Directions for this task:
All that is wanted is the exact text of the lines below from the one with "В аренду: $1,900" through the one with "女性喝酒後性慾高漲、變得「心癢難耐」的5個原因", inclusive, minus any pictures.

Source data:
#####

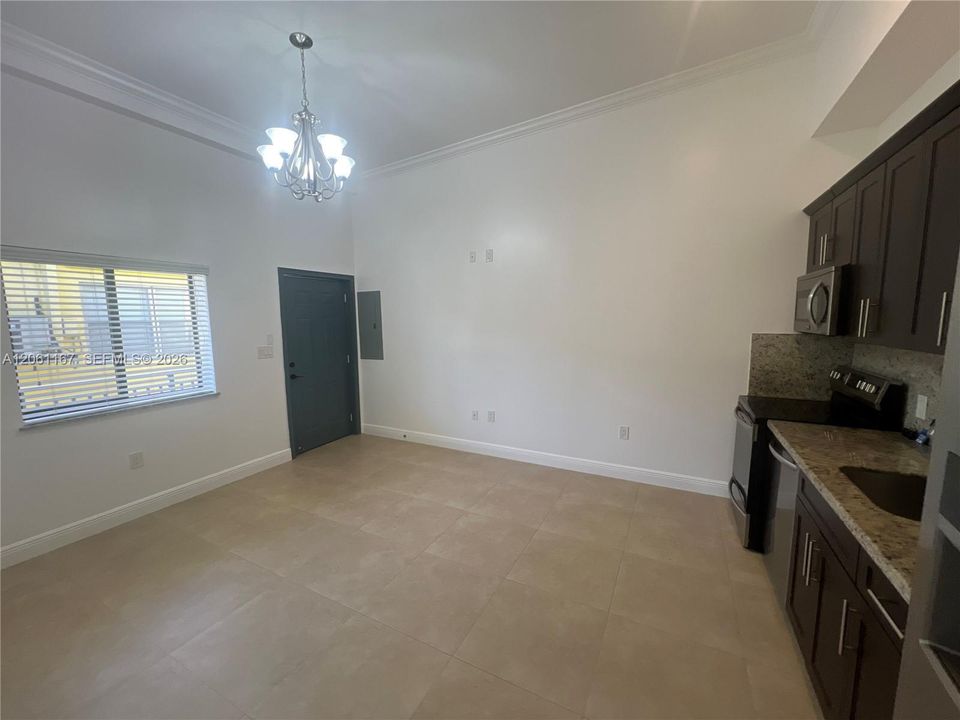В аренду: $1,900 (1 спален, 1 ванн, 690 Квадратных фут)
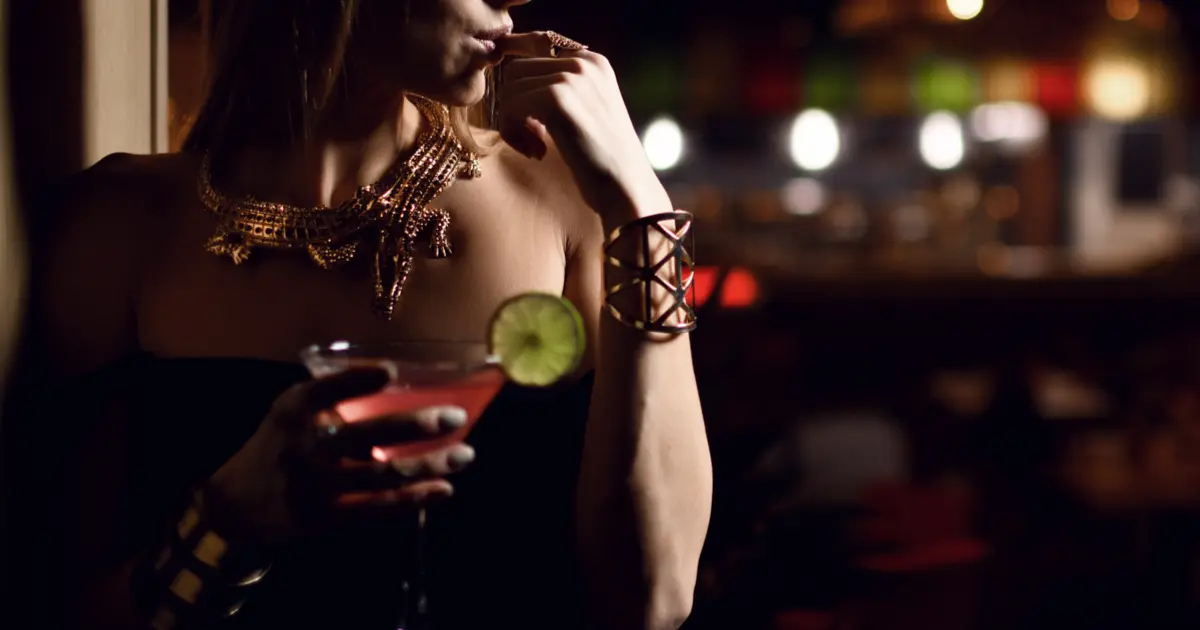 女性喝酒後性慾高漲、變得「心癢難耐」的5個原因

#####

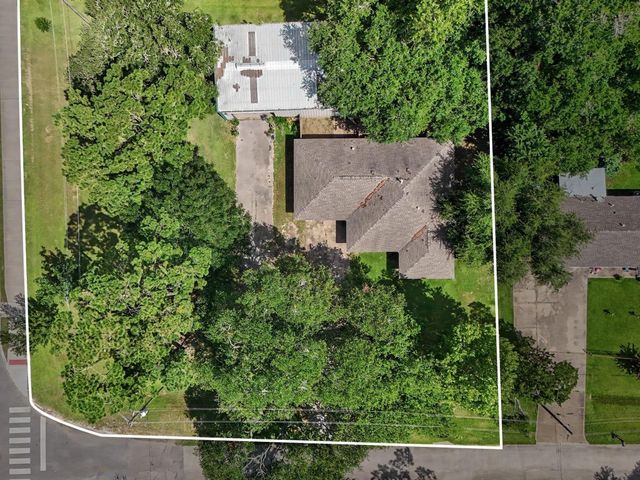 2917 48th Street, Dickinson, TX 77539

#####

Result:
В аренду: $1,900 (1 спален, 1 ванн, 690 Квадратных фут)
 女性喝酒後性慾高漲、變得「心癢難耐」的5個原因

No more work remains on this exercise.